American Association for the Advancement of Science
25 October 2007

Possible cosmic defect may be a window into the early universe


An unusual cold spot in the oldest radiation in the universe, the cosmic microwave background, may be caused by a cosmic defect created just after the Big Bang, a Spanish and U.K. research team has found.

Although these findings need confirmation with further research, the suggestion may provide cosmologists with a long-sought clue about how the infant universe evolved.

This study will be published online by the journal Science, at the Science Express website, on 25 October, 2007. Science is published by AAAS, the nonprofit science society.

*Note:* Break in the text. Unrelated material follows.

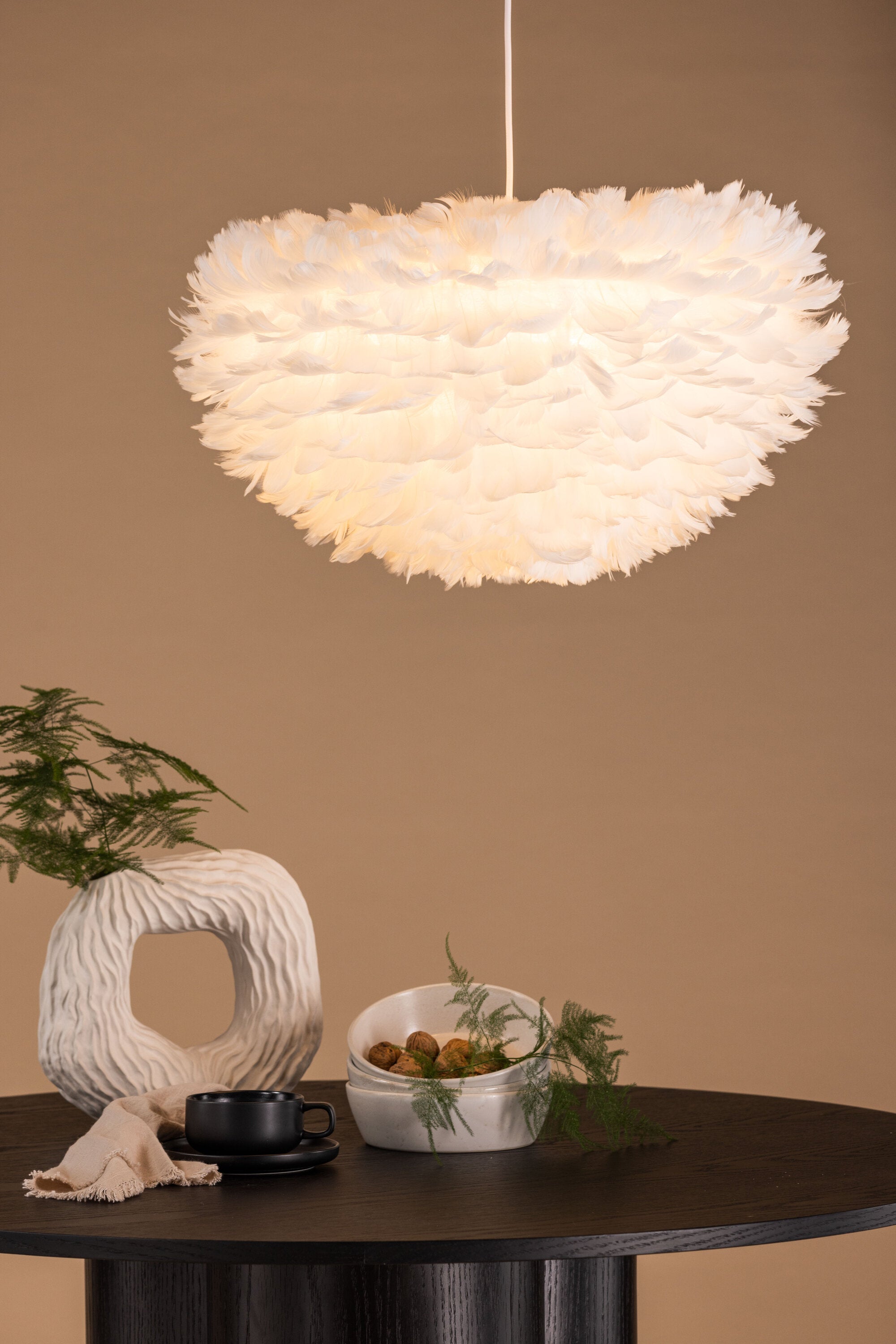 Nicola Pendelleuchte in Weiss präsentiert im Onlineshop von KAQTU Design AG. Pendelleuchte ist von Venture Home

“These findings open up the possibility of looking for cosmic defects, similar to crystal defects, in the fabric of the universe. Although their existence has been proposed by theorists for decades, no defects have been seen. The jury is still out on the cold spot’s origin, but this surprising finding will be testable and may lead to new views of the cosmos in its infancy in years to come,” said Joanne Baker, associate editor at Science.

“Science is honored to be publishing this important research, and it seems fitting that an international collaboration between Spanish and British scientists be presented the same week that Spain is celebrating the importance of scientific achievement, through the Prince of Asturias Awards,” she said.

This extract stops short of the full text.